WAVES
Carol Barrett
Berries drop from the juniper overhead, roll to a stop
along the canal, where geese touch down, a fluttering
of waves. I marvel how the birds traverse rapids,
rest in shoreline eddies, swim out again. Upstream
they navigate lilies deep pink and languid white, opening
in the sun’s embrace, closing on evening shadows.
These sleek pads seem to float, stems hidden beneath
the green. I once paddled among such hardy flowers
on Silver Lake, canoe gliding slick as a whistle,
my father would say. He taught me to heft the boat,
carry it to the sandy landing, push off, one foot
already inside the ballast. Generations of ducks
have claimed these waters, habitat threatened
by rising temps, glacier melt running out.
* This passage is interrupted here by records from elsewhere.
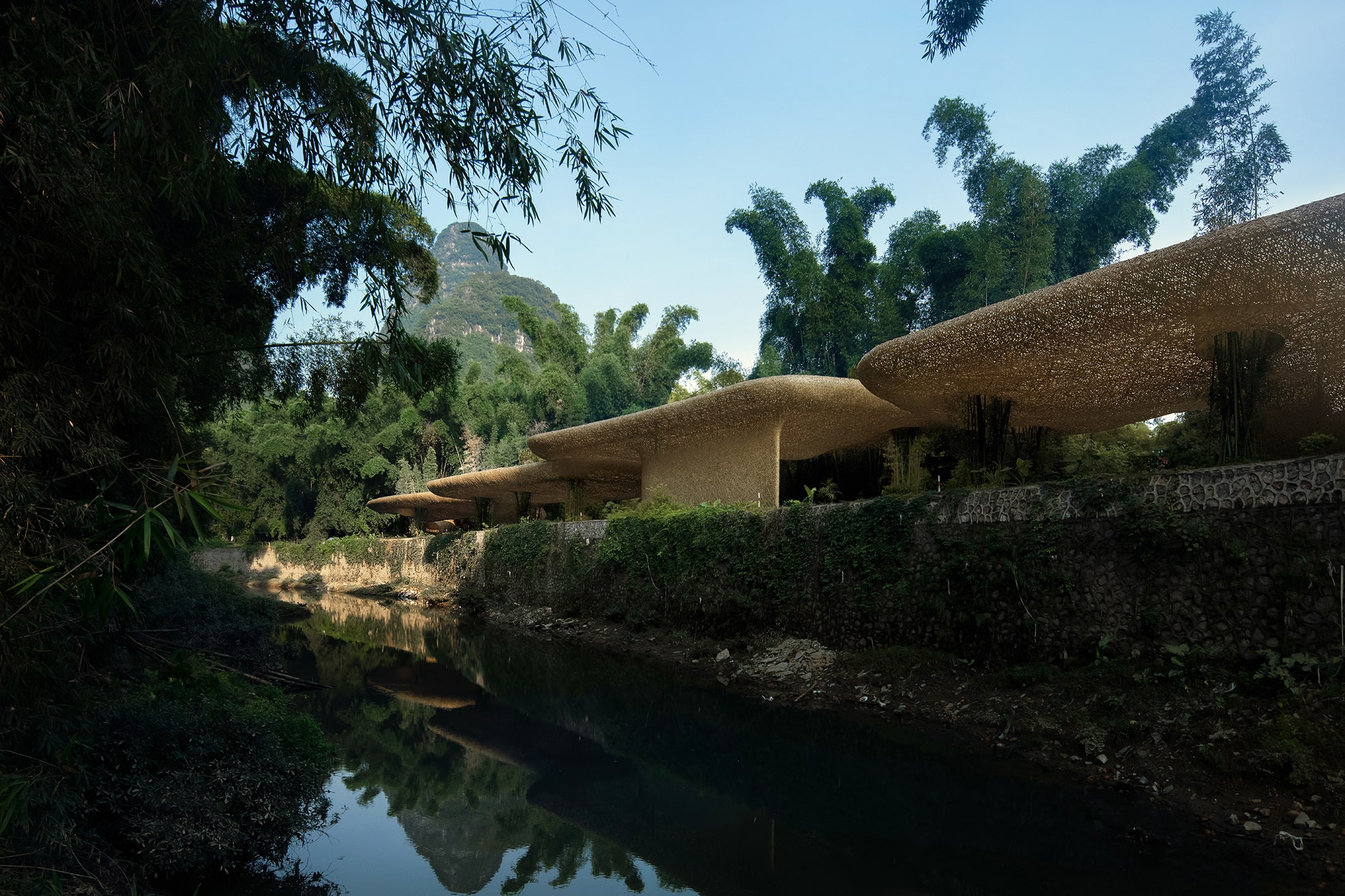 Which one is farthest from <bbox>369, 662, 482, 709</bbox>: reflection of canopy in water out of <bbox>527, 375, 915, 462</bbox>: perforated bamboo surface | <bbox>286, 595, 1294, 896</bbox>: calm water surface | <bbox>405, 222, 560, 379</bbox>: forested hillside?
<bbox>405, 222, 560, 379</bbox>: forested hillside

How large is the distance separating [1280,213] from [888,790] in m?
5.71

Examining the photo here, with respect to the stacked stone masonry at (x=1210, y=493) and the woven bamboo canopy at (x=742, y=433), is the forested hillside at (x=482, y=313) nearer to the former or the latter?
the woven bamboo canopy at (x=742, y=433)

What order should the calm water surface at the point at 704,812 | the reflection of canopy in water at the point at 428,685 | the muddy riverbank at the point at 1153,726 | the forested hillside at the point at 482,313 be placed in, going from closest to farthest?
the calm water surface at the point at 704,812 → the muddy riverbank at the point at 1153,726 → the reflection of canopy in water at the point at 428,685 → the forested hillside at the point at 482,313

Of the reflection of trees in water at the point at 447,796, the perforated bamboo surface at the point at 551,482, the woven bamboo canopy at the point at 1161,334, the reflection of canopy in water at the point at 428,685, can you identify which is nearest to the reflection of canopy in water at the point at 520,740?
the reflection of trees in water at the point at 447,796

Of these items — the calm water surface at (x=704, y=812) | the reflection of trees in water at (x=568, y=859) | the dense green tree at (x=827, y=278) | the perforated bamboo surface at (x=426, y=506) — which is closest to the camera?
the calm water surface at (x=704, y=812)

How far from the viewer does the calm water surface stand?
430cm

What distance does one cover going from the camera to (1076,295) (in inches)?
307

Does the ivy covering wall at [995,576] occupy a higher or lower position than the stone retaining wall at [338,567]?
higher

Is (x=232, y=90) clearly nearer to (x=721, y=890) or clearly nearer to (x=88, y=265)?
(x=88, y=265)

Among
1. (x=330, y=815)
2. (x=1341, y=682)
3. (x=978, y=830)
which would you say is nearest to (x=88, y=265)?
(x=330, y=815)

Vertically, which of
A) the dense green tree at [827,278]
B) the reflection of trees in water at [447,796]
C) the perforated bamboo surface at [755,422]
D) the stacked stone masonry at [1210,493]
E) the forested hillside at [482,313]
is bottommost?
the reflection of trees in water at [447,796]

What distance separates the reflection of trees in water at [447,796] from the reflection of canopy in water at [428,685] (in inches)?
3.8

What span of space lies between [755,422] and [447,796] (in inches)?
351

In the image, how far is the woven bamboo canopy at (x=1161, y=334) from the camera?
654 centimetres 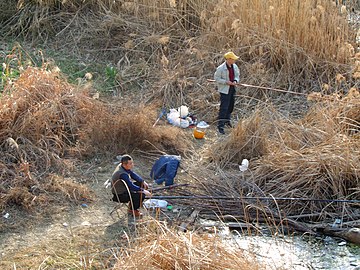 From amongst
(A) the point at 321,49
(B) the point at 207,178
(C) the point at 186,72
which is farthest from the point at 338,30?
(B) the point at 207,178

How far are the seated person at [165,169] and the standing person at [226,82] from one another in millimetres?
2032

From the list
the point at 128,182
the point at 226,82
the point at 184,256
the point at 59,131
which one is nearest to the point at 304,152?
the point at 226,82

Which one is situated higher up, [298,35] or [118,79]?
[298,35]

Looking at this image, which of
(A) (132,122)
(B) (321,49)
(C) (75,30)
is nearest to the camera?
(A) (132,122)

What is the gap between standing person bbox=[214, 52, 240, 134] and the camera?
9.62 meters

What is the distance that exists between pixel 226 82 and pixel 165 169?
2.25 meters

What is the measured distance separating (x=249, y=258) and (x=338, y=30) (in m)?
6.34

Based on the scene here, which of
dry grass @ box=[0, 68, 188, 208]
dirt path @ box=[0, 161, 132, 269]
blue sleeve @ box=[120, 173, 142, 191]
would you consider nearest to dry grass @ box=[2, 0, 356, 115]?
dry grass @ box=[0, 68, 188, 208]

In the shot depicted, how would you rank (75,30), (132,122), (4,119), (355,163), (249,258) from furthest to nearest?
(75,30), (132,122), (4,119), (355,163), (249,258)

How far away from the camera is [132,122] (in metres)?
8.58

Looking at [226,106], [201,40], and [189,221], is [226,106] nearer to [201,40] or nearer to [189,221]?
[201,40]

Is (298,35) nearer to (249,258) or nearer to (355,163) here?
(355,163)

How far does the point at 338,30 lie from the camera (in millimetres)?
11000

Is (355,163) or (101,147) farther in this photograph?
(101,147) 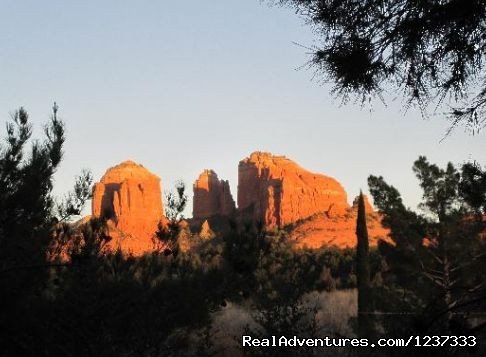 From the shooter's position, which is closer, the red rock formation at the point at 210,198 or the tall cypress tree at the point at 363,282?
the tall cypress tree at the point at 363,282

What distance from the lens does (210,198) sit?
11750 centimetres

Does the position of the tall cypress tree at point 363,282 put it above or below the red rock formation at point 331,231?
below

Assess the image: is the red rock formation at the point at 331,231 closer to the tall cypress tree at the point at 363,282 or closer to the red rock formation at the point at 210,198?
the red rock formation at the point at 210,198

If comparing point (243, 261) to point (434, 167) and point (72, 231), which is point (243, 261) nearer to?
point (72, 231)

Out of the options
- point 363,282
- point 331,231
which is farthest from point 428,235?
point 331,231

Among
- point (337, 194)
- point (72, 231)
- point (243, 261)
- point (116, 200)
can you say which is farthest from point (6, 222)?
point (337, 194)

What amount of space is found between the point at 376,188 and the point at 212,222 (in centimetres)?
9156

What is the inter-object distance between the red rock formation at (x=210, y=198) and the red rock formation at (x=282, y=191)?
10.1ft

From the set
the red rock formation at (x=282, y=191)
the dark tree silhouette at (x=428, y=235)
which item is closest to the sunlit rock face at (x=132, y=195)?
the red rock formation at (x=282, y=191)

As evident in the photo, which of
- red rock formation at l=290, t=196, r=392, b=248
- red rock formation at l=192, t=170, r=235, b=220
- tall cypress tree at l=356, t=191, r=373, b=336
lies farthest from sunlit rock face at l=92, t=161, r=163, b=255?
tall cypress tree at l=356, t=191, r=373, b=336

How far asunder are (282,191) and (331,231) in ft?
72.7

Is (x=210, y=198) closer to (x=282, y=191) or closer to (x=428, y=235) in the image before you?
(x=282, y=191)

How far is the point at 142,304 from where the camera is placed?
22.7 feet

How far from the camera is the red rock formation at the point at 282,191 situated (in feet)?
340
The old river
that feeds this canal dwindles with our greedy ways,
our carbon compulsion, our oblivion to the needs
of whirring dragonflies, stout toads, house sparrows,
silver salmon. The sand has baked the razor clams
on northern beaches. There won’t be even one batch
to fry up with cornmeal and butter. There won’t be
an evening picnic with driftwood bonfire for s’mores,
fires forbidden, the landscape laden with burns,
already mid-July. Firefighters spent after 15-hour shifts
in the trenches, trying to restrain the towering
flames, contain prodigious embers. They deserve
a dip in this floating calm, this throwback to a wetter
clime, no end to the cool supply of water, trout,
geese, their fuzzy goslings hugging the shore.